TJ grinned. “Do you want to check in with anyone?”
“Most definitely not.” She shrugged at his unspoken question. “The joys of family.”
There were plenty of times he and his brothers drove each other halfway to the insane asylum, but they had each others’ backs, always.
Harley’s parents weren’t together, but they got along. They didn’t get drunk and beat on their kids, they’d always managed to put food on the table, and yet he knew, sweet and kind as they were, that Harley absolutely did not get the same support from her family that he got from his.
Her parents let their whims drive them. Whatever happened, happened. Harley had always needed more than that whimsical existence, and her hopes and dreams baffled her family. They loved her but didn’t understand her.
In spite of that basic lack of understanding and support, Harley had grown up incredibly strong, solidly grounded, and was the most softhearted person he knew. Not that she’d thank him for that assessment. She didn’t like to be soft, and she didn’t do need. Ever. “I know you’re working so hard to help out your parents,” he said. “And Skye. If you ever need-”
“I don’t.” She glanced over and sent him a smile to gentle her tone. “And you’d do the same thing if you had to for your family. You have done the same thing.”
So she remembered. Remembered what it was like for him to be the oldest, to put everything in his teenage life aside to make sure Cam and Stone were cared for. “That was all a long time ago.”

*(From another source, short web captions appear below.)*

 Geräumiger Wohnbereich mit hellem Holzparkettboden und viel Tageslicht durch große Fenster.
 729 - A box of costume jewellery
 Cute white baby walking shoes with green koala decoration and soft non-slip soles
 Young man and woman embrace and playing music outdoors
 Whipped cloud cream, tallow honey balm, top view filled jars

“You don’t talk much about growing up,” she said quietly. “Even though I know it was bad. Especially when your father was still alive.”

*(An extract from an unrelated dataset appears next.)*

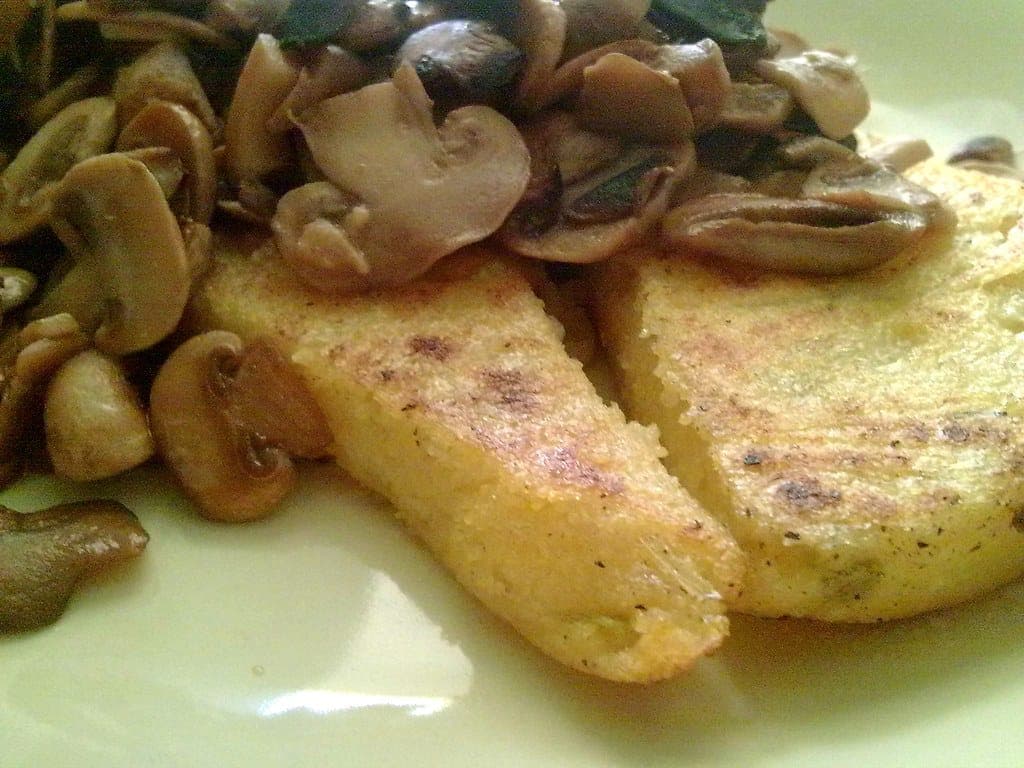 Seared slices of polenta topped with sautéed button mushrooms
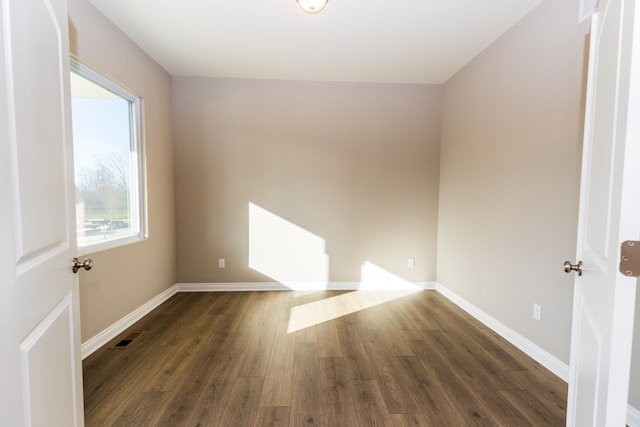 empty room with visible vents, baseboards, and wood finished floors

Everyone in Wishful had known his father and his infamous temper. He’d been a pro bull rider who’d been rough on his animals and rougher on his sons. Mostly the youngest, Cam, who TJ had stepped in to protect whenever he could, usually at his own peril. “Like I said, it was a long time ago.”
“And yet you make sure to spend as much time away from here as you can.”
“I’m an expedition and adventure guide,” he said. “By the very definition, I have to be gone.”
“Your brothers are guides, too. But they don’t do the three-month Alaska trips, one right after another. They don’t traipse across Canada or wherever. They stick.”
“And because they do, I go,” he said. “Look, someone’s got to do those trips. They’re high-end, big-bucks trips that provide us with the majority of our income.”
“TJ,” she said with terrifying gentleness. “Now who’s the liar?” She held his gaze, letting that sink in. “You and I both know that there’s plenty of business right here. At home.”
Since that happened to be true, he said nothing.
“So what are you running from?”
Well, hell. How she’d turned this around on him, he had no idea. “I’ll tell if you tell.”
“You will not.”
“I will,” he said, and waited while she gave him a long, considering look.
Finally, she blew out a sigh. “I’m running from the poverty on my heels and a possible lifetime of dirty fingernails.” She flashed him a tight smile. “I don’t want to be like my mom, always needing to depend on others, always in a bind, always unhappy. I want to have a job that fulfills me and pays the bills.”
“Nothing wrong with that,” he said.
She nodded her agreement of that, then gestured to him. “Now you.”
“The camera…”
She patted it. “It’s going to make it. It’s motion-and air pressure-sensitive, and calibrated to allow for winds up to fifty miles per hour. But that windstorm we had last week, with the gusts up to seventy-five miles per hour, knocked it out of whack. I’ve reset it.” She arched a brow. “Now you,” she repeated.
Fuck. “Okay, it’s like this. When I was young and I needed to escape, I’d hit the trail.” He didn’t go into what he’d needed to escape from. “Depending on the season, I’d grab my bike or my skis and I’d vanish.” No drunk-ass father, no school, nothing but his own wits. “Now I no longer need to run from anything, but…”
“It’s still your go to,” she said softly, understanding in her warm eyes. “Your escape.”